In [1]:
from sklearn.svm import SVR
from sklearn.model_selection import GridSearchCV, cross_val_score
from sklearn.metrics import r2_score, mean_absolute_error, mean_squared_error
import pandas as pd

In [2]:
# Load the Datasets
train = pd.read_csv("train_simp.csv")
test = pd.read_csv("test_simp.csv")
sample_submission = pd.read_csv("../home-data-for-ml-course/sample_submission.csv")

# Define Features (X) and Target (y)
y_train = train["SalePrice"]  # Target variable
X_train = train.drop(columns=["SalePrice"])  # Remove target from train data
X_test = test.copy()  # Keep test dataset separate
y_test = sample_submission["SalePrice"]  # Ground Truth for Test Set

# Hyperparameter Grid for SVM
param_grid = {
    "C": [0.1, 1, 10],
    "epsilon": [0.01, 0.05, 0.1],  # Fine-tune epsilon
    "kernel": ["linear", "rbf", "poly"]
}

# Perform Grid Search with Cross-Validation
grid_search = GridSearchCV(
    SVR(),
    param_grid,
    cv=5,  # 5-fold cross-validation
    scoring="r2",
    n_jobs=-1
)
grid_search.fit(X_train, y_train)

# Get best hyperparameters
best_params = grid_search.best_params_
print("Best Parameters Found:", best_params)
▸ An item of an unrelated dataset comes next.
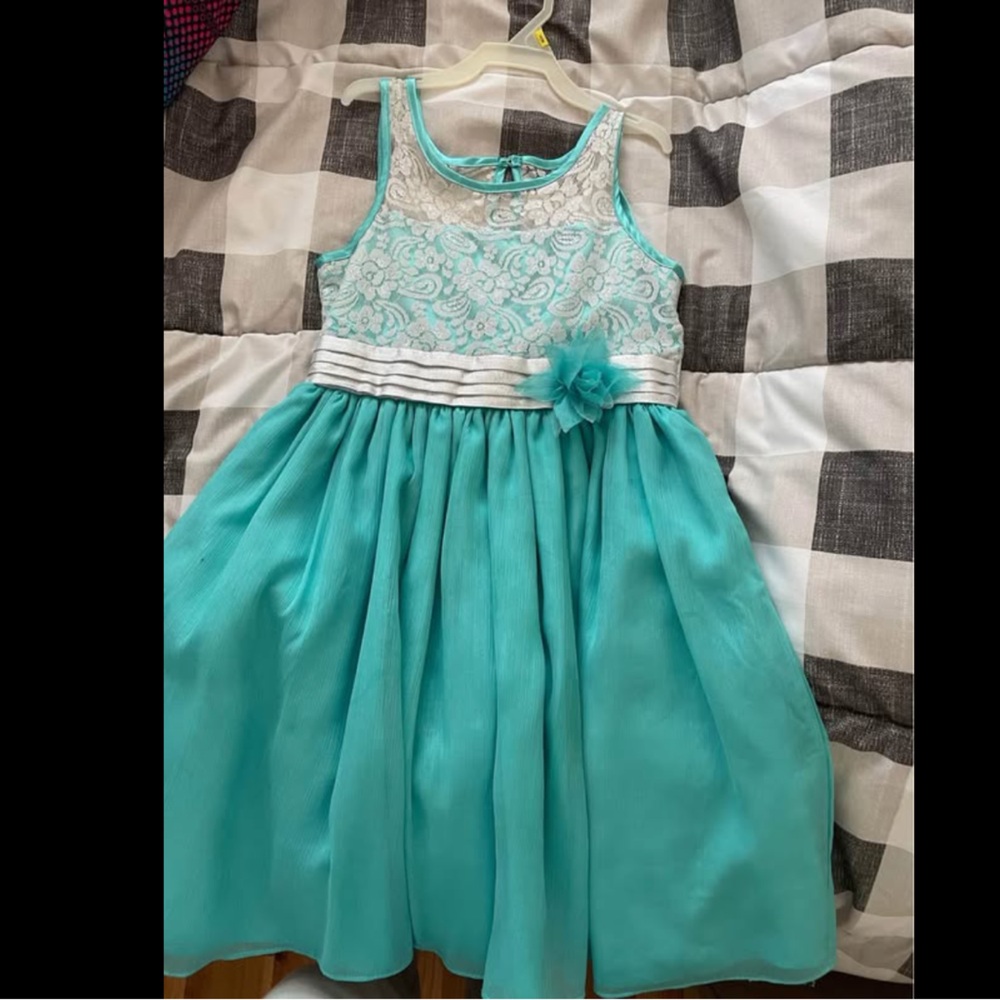 Elegant Turquoise Kids Dress
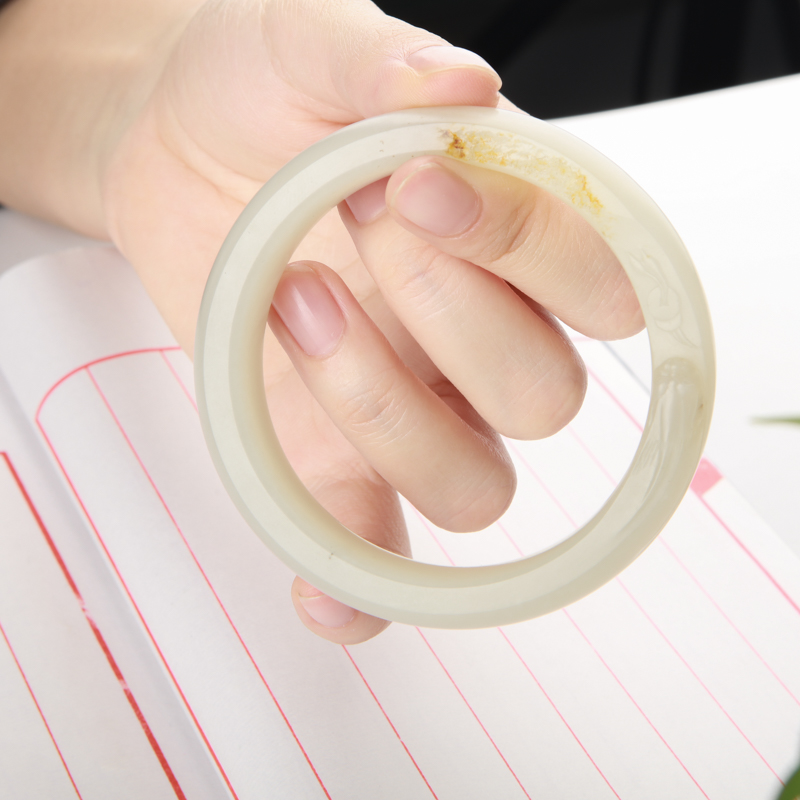 新疆和田白玉古龙手镯-红掌柜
# Train Model with Best Parameters
best_svm_model = SVR(
    C=best_params["C"],
    epsilon=best_params["epsilon"],
    kernel=best_params["kernel"]
)
best_svm_model.fit(X_train, y_train)

# Cross-Validation Score
cv_r2 = cross_val_score(best_svm_model, X_train, y_train, cv=5, scoring="r2").mean()
print(f"Cross-Validation R² Score: {cv_r2:.4f}")

# Evaluate Model on Training Data
y_train_pred = best_svm_model.predict(X_train)
train_r2 = r2_score(y_train, y_train_pred)
train_mae = mean_absolute_error(y_train, y_train_pred)
train_rmse = mean_squared_error(y_train, y_train_pred, squared=False)
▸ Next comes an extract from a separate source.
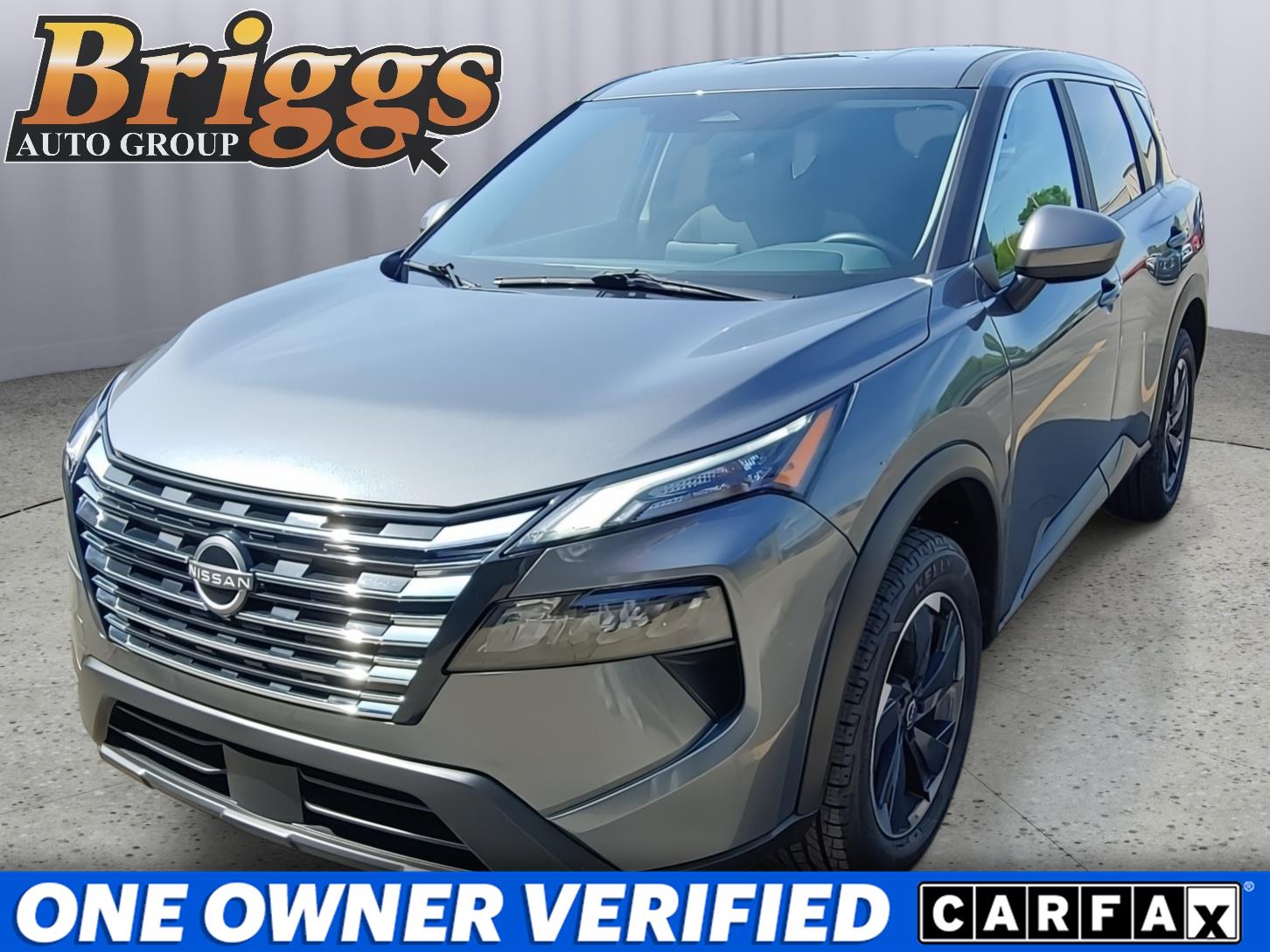 Gray (Gun Metallic) 2025 Nissan Rogue SV FWD SUV / Crossover Front-Wheel Drive Continuously Variable Transmission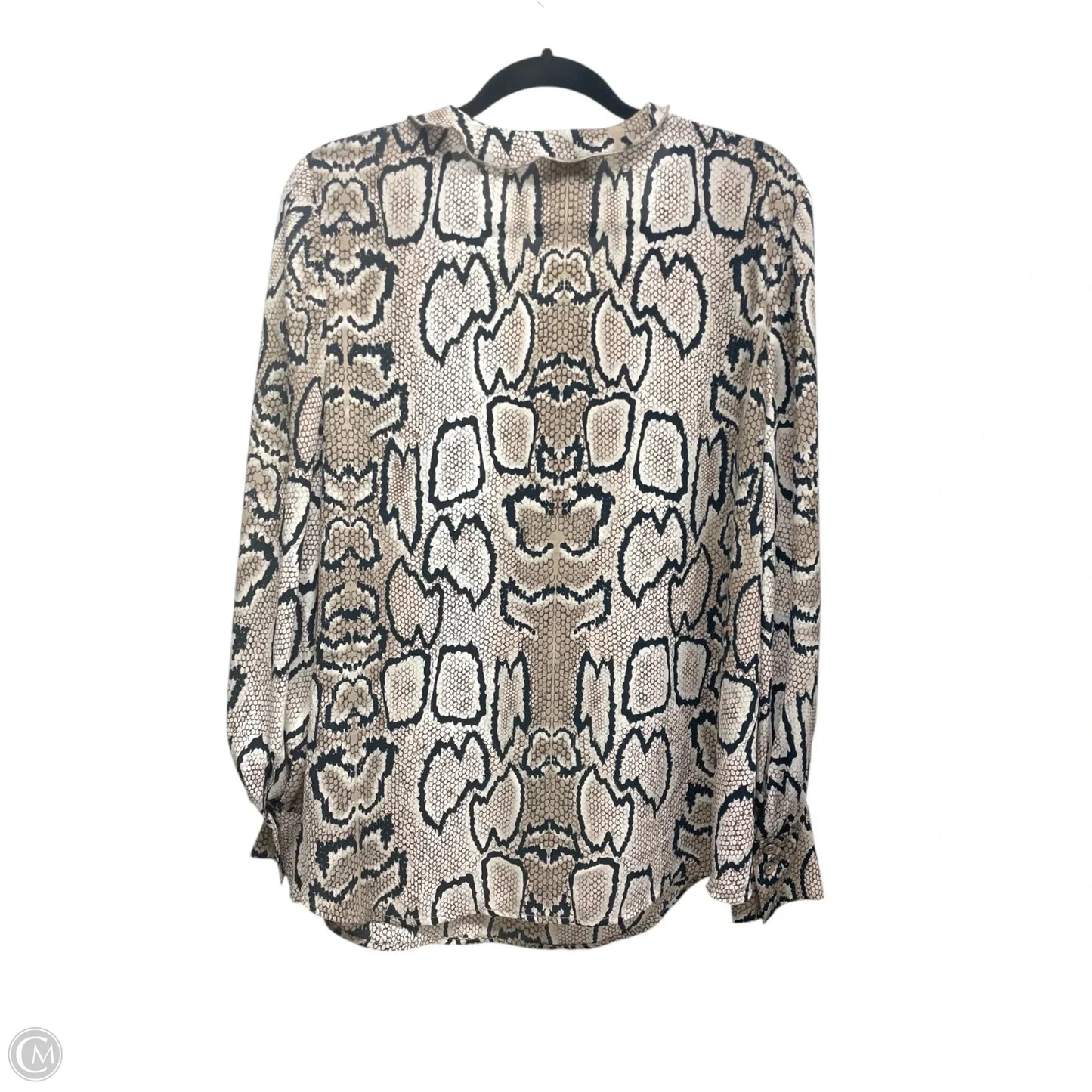 Blouse 3/4 Sleeve By Cabi In Snakeskin Print, Size: L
print("\nModel Performance on Training Set:")
print(f"Training R² Score: {train_r2:.4f}")
print(f"Training MAE: {train_mae:.2f}")
print(f"Training RMSE: {train_rmse:.2f}")

# Evaluate Model on Test Set
y_test_pred = best_svm_model.predict(X_test)
test_r2 = r2_score(y_test, y_test_pred)
test_mae = mean_absolute_error(y_test, y_test_pred)
test_rmse = mean_squared_error(y_test, y_test_pred, squared=False)
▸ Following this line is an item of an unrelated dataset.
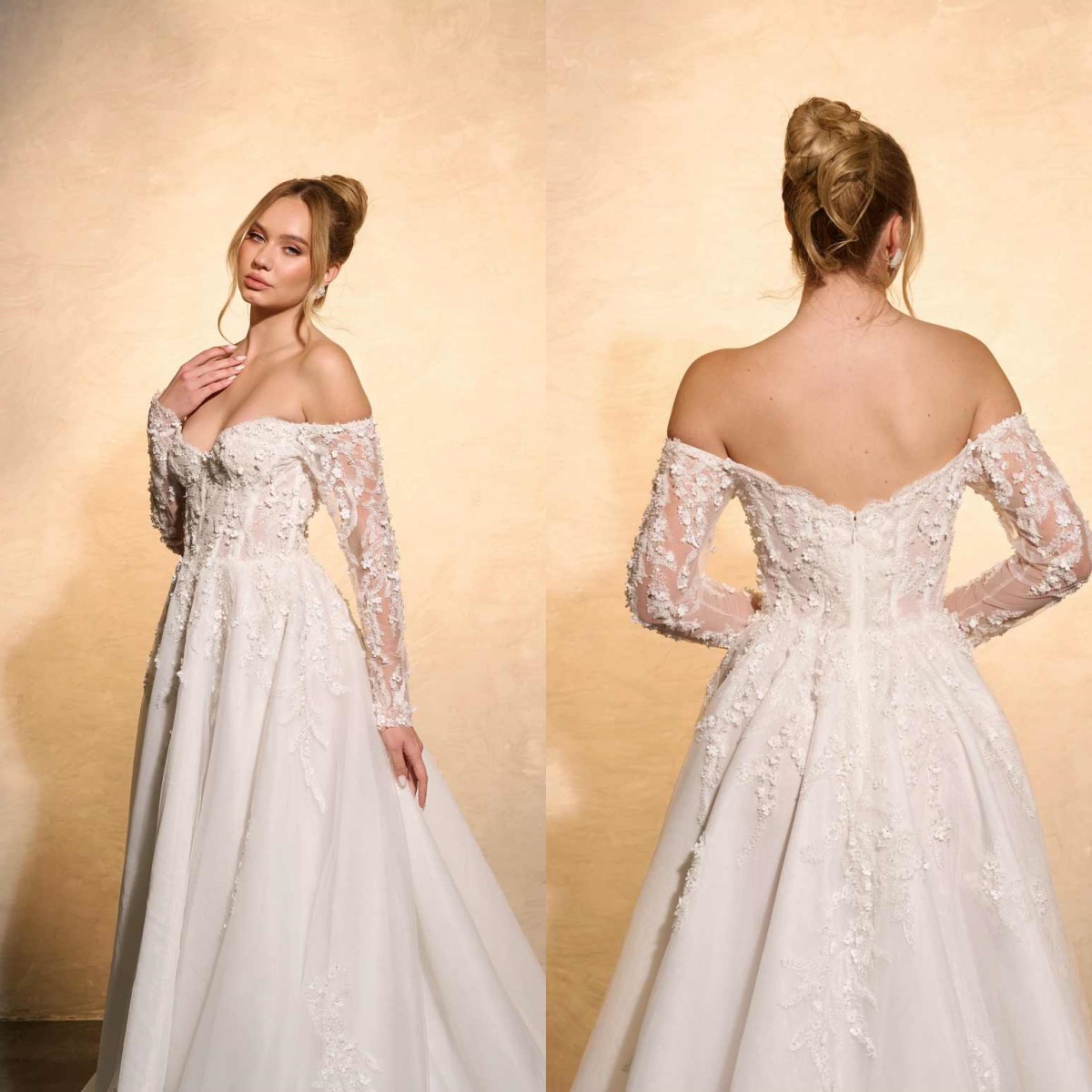 Elegant Wedding Dress A-Line L - đánh giá và giá Embroidery Online Design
print("\nModel Performance on Test Set:")
print(f"Test R² Score: {test_r2:.4f}")
print(f"Test MAE: {test_mae:.2f}")
print(f"Test RMSE: {test_rmse:.2f}")

# Generalization Gap Check
gap = abs(train_r2 - test_r2)
print(f"\nGeneralization Gap: {gap:.4f} (Difference between Train & Test R²)")

# Save Predictions
submission = pd.DataFrame({"Id": sample_submission["Id"], "SalePrice": y_test_pred})
submission.to_csv("svr_simplified.csv", index=False)
print("Predictions saved to svr_simplified.csv")

Best Parameters Found: {'C': 10, 'epsilon': 0.1, 'kernel': 'linear'}
Cross-Validation R² Score: 0.5912


TypeError: got an unexpected keyword argument 'squared'